Voll getollschockt

Matthias Eckoldt lädt die Cyberpunk-Formel runter, und Dietmar Dath betreibt spekulative Wissenschaft – Science-Fiction aus deutschen Landen

von TOBIAS RAPP

Wenn man Matthias Eckoldts „Moments Of Excellence“ so anschaut, könnte man denken, dieses Buch sei von A bis Z auf dem Reißbrett eines cleveren Autoren-Lektorenteams erdacht worden: Vorgabe, irgendwie Cyberpunk auf deutsche Verhältnis- se anwenden, irgendwie was Schnelles und Brutales, irgendwie den Literaturstandort Deutschland wettbewerbsfähig machen. Wie geht das?
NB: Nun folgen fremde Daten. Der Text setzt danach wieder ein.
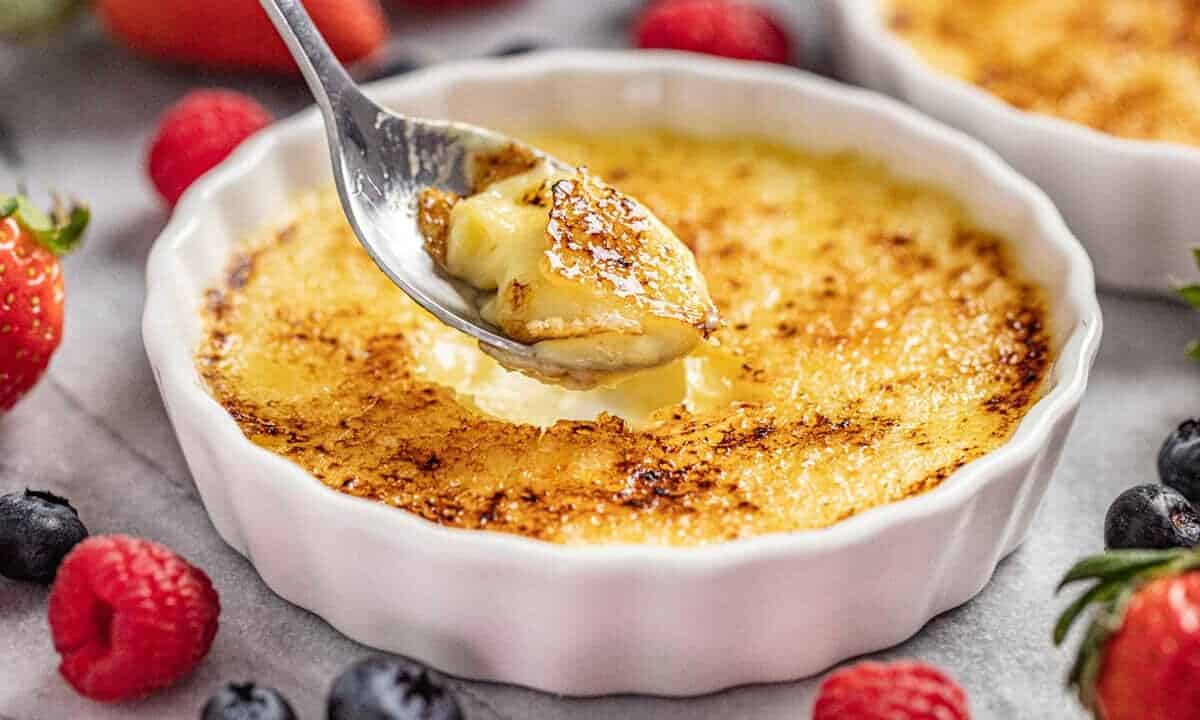 Creme Brulee in ramekin with spoonful taken out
Das Thema: Computer müssen rein, am besten gleich noch ein Hacker. Biotechnologie muss rein, am besten ein wahnsinniger Wissenschaftler. Und noch was Deutsches – Autos, ein Rennfahrer am besten. Das alles wild übereinander stapeln, eine wüste Geschichte drumrumbauen, das Personal trinken, kiffen und koksen lassen und die wilde Crew des Rennfahrers Sätze sagen lassen wie: „Du nimmst jetzt die Wichsfinger aus der Hose und tippst dreimal dreihundertfünfzig Mark in deine verschissene Kasse“, wenn sie vom Tankwart eine Rechnung wollen.
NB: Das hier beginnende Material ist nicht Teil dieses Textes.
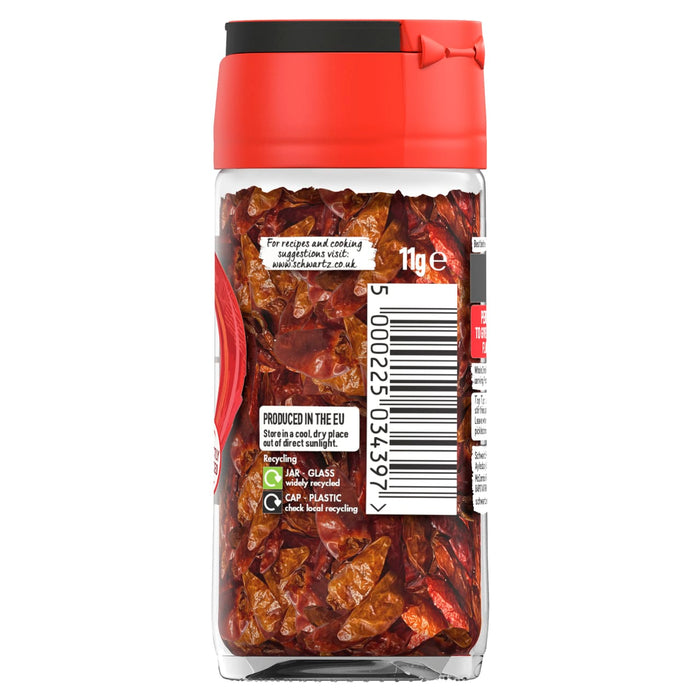A clear glass jar of Schwartz Birds Eye Chillies 11G showing the whole dried red peppers through the side label which includes recycling information and a barcode.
Dann lässt man den Helden gegen die Reifenmauer prallen, der Hirnchirurg baut ihm einen Chip in den Kopf, der wurde ausgerechnet von einem falschen Philosophieprofessor mit Merksätzen eines antiken Philosophen bespielt – und schon ist das Durcheinander perfekt, Sachen die nicht zusammengehören, sind übereinander geblendet worden und das Buch ist fertig. Ganz schön crazy.
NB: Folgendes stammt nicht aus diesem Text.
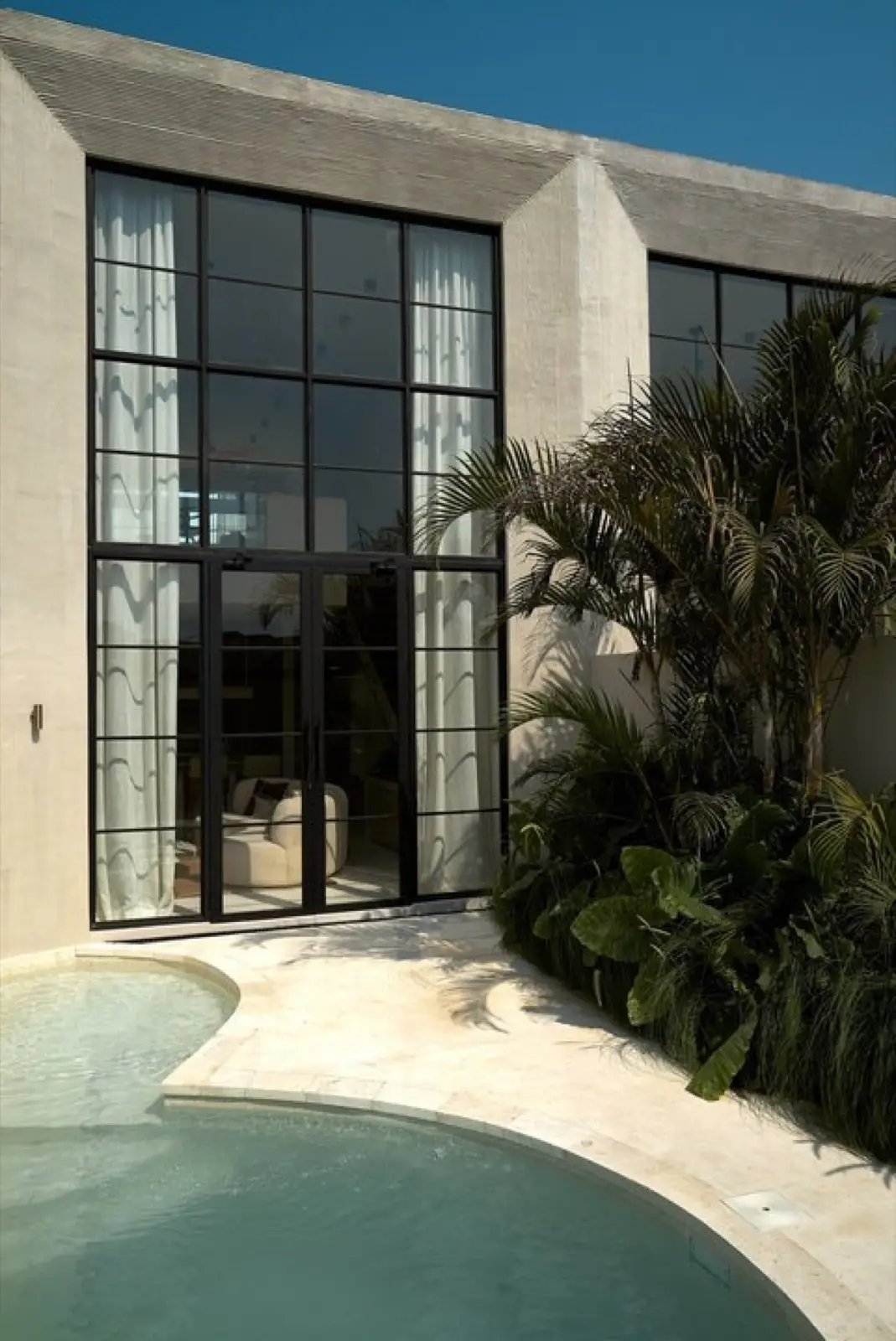 Black-framed window wall and mature planting at the Vesna complex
Doch „Moments Of Excellence“ hat das gleiche Problem wie Eigenproduktionen des Fernsehsenders Pro 7. Sie sind zum einen nicht ansatzweise so gut wie die amerikanischen Vorbilder, zum anderen beziehen sie ihren Zeichenvorrat aus dem Bezug auf eben jenes Original und nicht etwa daraus, dass da jemand mit offenen Augen und Ohren durch die Gegend läuft und all diesen Input verdreht und verbrät. Wenn der Verlag dem Buch mit auf den Weg gibt, damit sei „die deutsche Literatur mit Hochgeschwindigkeit im 21. Jahrhundert angekommen“, dann ist das genau das: In den amerikanischen Vorbildern kommt das 21. Jahrhundert in der Literatur an, nicht umgekehrt. Angesichts der Tatsache, dass Eichborn unter anderem deswegen an die Börse gegangen ist, um genug Geld zu haben, die Filmverwertungen seiner Bücher selbst machen zu können, dürfte es nicht mehr allzu lange dauern, bis „Moments Of Excellence“ im Fernsehen läuft – so lange kann man warten und dann kann man immer noch wegzappen.

All das sind Probleme, denen sich Dietmar Dath nicht stellen muss. Wollte man sein Buch „Am blinden Ufer“ verfilmen, bräuchte man angesichts eines großangelegten Gemetzels mit Meeresungeheuern aus düsterer Vorzeit und eines Meeres, das zufriert, ohnehin jemanden wie James Cameron. In Daths Roman heißen die Helden nicht Ed, Steve und Lucky, so wie bei Eckholdt, sondern Volker, Christian, Andreas und Cordula, so wie im echten Leben. Und ausgerechnet in der Gegend, wo Volker Leuchtturmmann ist, einer Küstenregion genannt „die Schnitte“, gibt es eine Unschärfe im Raumzeitkontinuum. In dieser Gegend verläuft die Zeit nicht linear. Außer der Abwehr – einem Geheimdienst, der den Leuchtturmmann bezahlt – weiß das allerdings niemand, und so trifft ein Angriff aus der Vergangenheit, ausgeführt von üblen Monstern und untoten Seemännern, die aus den Wracks ihrer Schiffe steigen, die Menschheit einigermaßen überraschend.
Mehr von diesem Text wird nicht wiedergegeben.